Module 10 Enhance the reproducibility of collaborative research with version control platforms
Once a researcher has learned to use Git on their own computer for local version control, they can begin using version control platforms (e.g., GitLab, GitHub) to collaborate with others under version control. In this module, we will describe how a research team can benefit from using a version control platform to work collaboratively. In module 11, we’ll give detailed examples of how you can use a version control platform even if you’re not familiar with coding.
Objectives. After this module, the trainee will be able to:
- List benefits of using a version control platform to collaborate on research projects, particularly for reproducibility
- Describe the difference between version control (e.g., Git) and a version control platform (e.g., GitHub)
- Explain how version control software and version control platforms can help coordinate contributions from different team members
- Define “merging”, “merge conflicts”, “issue trackers”
- Explain how commit messages can improve project management
- Explain how to-do lists can help project management
- Describe how a version control platform provides additional back-up for study files
10.1 What are version control platforms?
Module 9 introduced the idea of version control, including the popular software version control program Git. In this module, we’ll go a step further, telling you about how you can expand the idea of version control to leverage it when collaborating across your research team, using version control platforms. Version control platforms build on the functionality of version control software, and they can provide you and your team tools for sharing, tools for visualization, and tools for project management.
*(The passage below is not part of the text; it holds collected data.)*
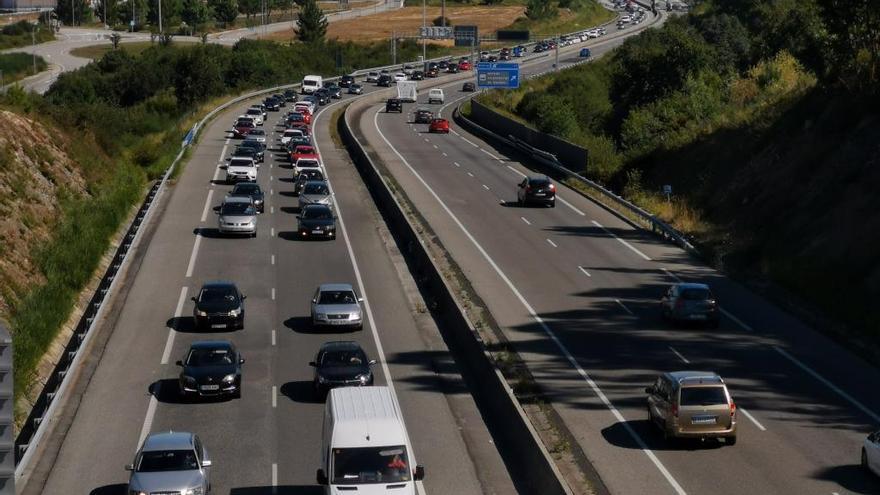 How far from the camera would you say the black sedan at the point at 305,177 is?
6419 centimetres

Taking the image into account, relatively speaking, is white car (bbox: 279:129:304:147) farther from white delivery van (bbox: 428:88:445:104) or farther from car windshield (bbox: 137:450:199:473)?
car windshield (bbox: 137:450:199:473)

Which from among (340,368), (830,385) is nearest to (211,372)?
(340,368)

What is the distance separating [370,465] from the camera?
2112 cm

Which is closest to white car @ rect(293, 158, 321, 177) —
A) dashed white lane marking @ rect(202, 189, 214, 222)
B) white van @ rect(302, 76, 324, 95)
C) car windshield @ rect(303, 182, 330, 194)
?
dashed white lane marking @ rect(202, 189, 214, 222)

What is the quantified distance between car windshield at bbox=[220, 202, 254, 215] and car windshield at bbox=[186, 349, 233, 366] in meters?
21.6

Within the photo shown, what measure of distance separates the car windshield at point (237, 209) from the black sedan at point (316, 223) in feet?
7.02

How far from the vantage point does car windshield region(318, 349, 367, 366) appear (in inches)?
1207

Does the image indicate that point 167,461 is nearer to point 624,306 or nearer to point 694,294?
point 694,294

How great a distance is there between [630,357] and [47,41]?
583 ft

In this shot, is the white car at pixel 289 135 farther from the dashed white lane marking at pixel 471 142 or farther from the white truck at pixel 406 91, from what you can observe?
the white truck at pixel 406 91

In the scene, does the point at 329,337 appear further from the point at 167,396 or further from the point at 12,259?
the point at 12,259

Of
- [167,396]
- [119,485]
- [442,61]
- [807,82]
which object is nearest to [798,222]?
[807,82]

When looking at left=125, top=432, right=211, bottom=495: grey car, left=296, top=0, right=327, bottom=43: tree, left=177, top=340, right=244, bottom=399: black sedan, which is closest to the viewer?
left=125, top=432, right=211, bottom=495: grey car

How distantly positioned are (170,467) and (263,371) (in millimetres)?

Version control platforms offer a number of advantages when collaborating on a research project that can help to improve your efficiency, rigor, and reproducibility. Further, as their use has become more popular, there are more and more resources to help you learn how to use these platforms effectively. Some of the key advantages of using a version control platform like GitHub to collaborate on research projects include that the platform:
- Can track and merge changes that different collaborators made to the document
- Allows you to create alternative versions of project files (branches), and merge them into the main project as desired
- Includes tools for project management, including Issue Trackers
- Provides additional backup of project files
- Allows you to share project information online, including through hosting websites related to the project or supplemental files related to a manuscript
A number of version control platforms are available. Two that are currently very popular for scientific research are GitHub (https://github.com/) and GitLab (https://about.gitlab.com/). Both provide free options for scientific researchers, including the capabilities for using both public and private repositories in collaboration with other researchers.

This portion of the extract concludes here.